During a review of Patient's History and Physical (H&P), dated 4/7/2025, the H&P indicated Patient 9 was admitted on 4/7/2025 after undergoing a laminectomy (a surgical procedure that involves removing a portion of the vertebral bone to relieve pressure on the spinal cord or nerves).
During a review of Patient 9's "VTE Assessment," dated 4/7/2025 at 6:25 a.m., the VTE Assessment indicated a score of 10 (high risk of develop blood clot). SCD (Sequential Compression Device, leg squeezers, used to improve circulation and prevent blood clots) applied. Medicinal prophylaxis (preventative treatment) ordered: Yes. CNS 5 verified that no medicinal prophylaxis was ordered, and the documentation was incorrect.
During a review of Patient 9's Physician's Orders, dated 4/7/2025, there was no medicinal prophylaxis ordered for Patient 9. This was verified by CNS 5.
During a review of the facility's policy and procedure (P&P) titled, "Medical Record, Content Of," dated 7/12/2023, the P&P indicated the following: Documentation is to reflect the patient's medical status in such a manner as to allow another practitioner to assume care of the patient at any time. It is the responsibility of the medical staff and other hospital care providers to document timely and accurately all treatment and care provided, all diagnosis reached and the outcomes of these processes in accordance with relevant laws, regulations, and accreditation standards.
Tag No.: A0467
Based on interview and record review, the facility failed to ensure one of 30 sampled patient's (Patient 12), nursing documentation accurately reflected Patient 12's Peripherally Inserted Central Catheter (PICC, long, thin tube that goes through the vein to the heart to deliver medication, fluids) assessment (evaluation) being completed in the "Infectious Disease Bundle (set of questions related to invasive tubes necessary for patient care)," in accordance with the facility's policy regarding nursing documentation.

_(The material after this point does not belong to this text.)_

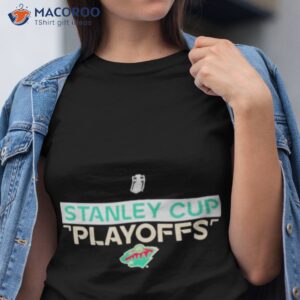 Minnesota Wild 2023 Stanley Cup Playoff Participanshirt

This deficient practice had the potential for Patient 12 to not receive the appropriate evaluation and medical care.
Findings:
During a review of Patient 12's "History and Physical (H&P, a formal and complete assessment of the patient and the problem)," dated 7/29/2025, the H&P indicated Patient 12 was admitted to the facility for being less responsive (a reduction in a person's ability to react to stimuli, whether verbal, physical, or environmental), had a left side facial droop (sagging), and was leaning towards the left side. Patient 12's medical history included Diabetes Mellitus (DM, a disorder characterized by difficulty in blood sugar control and poor wound healing), hypertension (HTN, high blood pressure), hyperlipidemia (HLD, high concentration of fat in the blood), Atrial Fibrillation (irregular heartbeat) and stroke (loss of blood flow to the brain).
During a concurrent interview and record review on 8/7/2025 at 3:00 p.m. with the Clinical Nurse Supervisor (CNS) 1, Patient 12's order for "Peripherally Inserted Central Catheter (PICC, long, thin tube that goes through the vein to the heart to deliver medication, fluids) Line Insertion," dated 7/30/2025, was reviewed. Patient 12 needed the PICC line for poor intravenous (IV, into the vein) access and for fluids (hydration) and antibiotics (medication used to fight infection).
During a concurrent interview and record review on 8/7/2025 at 3:00 p.m. with CNS 1, Patient 12's "IV or Invasive Line Bundle," dated 7/30/2025, was reviewed. The record indicated Patient 12 had a PICC and was assessed (evaluated) on 7/30/2025 starting at 12:30 p.m. The record further indicated Patient 12 had the PICC on 7/31/2025 and 8/1/2025 and was assessed every four hours.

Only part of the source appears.